Fall 2012 marked the beginning of a regular series of all-College readings, lectures, and performances known as Traditio—the Latin phrase for tradition or the handing down of stories and learning. The first of the series was on Evelyn Waugh’s novel, Brideshead Revisited, and was led by the College’s Writer-in-Residence Joseph Pearce and President William Fahey.
In this feature of Collegiate life, the students are invited three times per semester to consider a great work of literature, an historical figure or event, or work of art in greater depth than the Humanities curriculum allows.
All students of the College stop during these ‘Traditio days’ to read a common text or consider a great work together. On the assigned day, the whole College takes the morning to consider the work in very small groups of peers or with individual professors. After Mass and lunch two professors lead a long seminar for the entire student body. In the evening, the College supper is followed by a formal lecture—given at times by a fellow of the College, at times by a distinguished guest.
While these moments are an outgrowth of the Humanities cycle and always remain rooted in them, in Traditio students are expected to reflect upon and communicate to others the learning they have received in their previous classes and conversations.
“This new tradition,” said President William Fahey, “is a crucial part of our commitment to handing on a basic narrative understanding of the rise, fall, and perpetual rebirth of Christian Civilization. We hope too that it is effective in stimulating intellectual conversations outside the classroom and between students in different classes.”
As announced by Pope Benedict XVI, this October will begin the Year of Faith, and so in harmony with the Church’s current focus, the College’s first Traditio series will be centered on the theme of faith. Hence Brideshead Revisited being chosen as the first text to be studied.
“It’s a great novel,” said new Writer-in-Residence, Joseph Pearce, in anticipation of the discussion. “In my comments, I’ll be concentrating on the multifarious ways in which the action of grace can be seen in the lives of the main characters.”
“Joseph was a perfect guest to have at this particular Traditio on the theme of faith,” said Fahey. “He is a convert himself with a past that has provided rare insights into the movement of conversion, which sometimes takes a quite radical form, in the hearts of men.”
After an hour of discussion and debate between Fahey and Pearce, the students were invited to share their observations and to ask any pertinent questions. Following the seminar, the student body and faculty convened together in the Scholars Lounge for refreshments and a continuation of the conversation.

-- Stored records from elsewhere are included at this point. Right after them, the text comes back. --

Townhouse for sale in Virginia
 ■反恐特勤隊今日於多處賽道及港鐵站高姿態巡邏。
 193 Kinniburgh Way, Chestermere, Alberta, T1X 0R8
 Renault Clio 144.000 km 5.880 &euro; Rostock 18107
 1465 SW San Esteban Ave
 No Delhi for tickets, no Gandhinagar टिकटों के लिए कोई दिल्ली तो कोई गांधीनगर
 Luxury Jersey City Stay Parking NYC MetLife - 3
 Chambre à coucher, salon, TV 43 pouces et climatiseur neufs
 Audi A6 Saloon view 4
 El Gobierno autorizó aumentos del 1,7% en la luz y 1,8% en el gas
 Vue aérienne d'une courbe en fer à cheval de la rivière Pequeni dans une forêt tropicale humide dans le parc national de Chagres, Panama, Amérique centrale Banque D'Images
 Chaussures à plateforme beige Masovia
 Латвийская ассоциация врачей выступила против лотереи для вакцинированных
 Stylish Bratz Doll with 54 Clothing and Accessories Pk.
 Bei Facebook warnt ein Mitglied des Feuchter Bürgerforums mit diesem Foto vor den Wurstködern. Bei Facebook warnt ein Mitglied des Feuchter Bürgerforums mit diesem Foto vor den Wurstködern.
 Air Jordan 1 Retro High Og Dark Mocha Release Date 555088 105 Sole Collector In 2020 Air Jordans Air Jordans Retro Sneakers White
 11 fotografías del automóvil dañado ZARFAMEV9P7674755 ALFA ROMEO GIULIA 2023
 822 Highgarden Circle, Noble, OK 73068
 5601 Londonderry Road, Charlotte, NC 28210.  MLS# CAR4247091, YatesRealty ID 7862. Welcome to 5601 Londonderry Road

The readings and works considered during the Traditio seminars follow certain themes of universal human interest: such as Faith, Suffering, Nature, Love, Pilgrimage, Peace & War, Sacrifice, and Friendship. The lectures, seminars, and conversation of the Traditio sequence present to each and every student an opportunity to enter into the Catholic tradition and see that the reality of Christian culture provides a response not only to the “deepest longings of Humanity,” but to the questions that rise up in every human heart.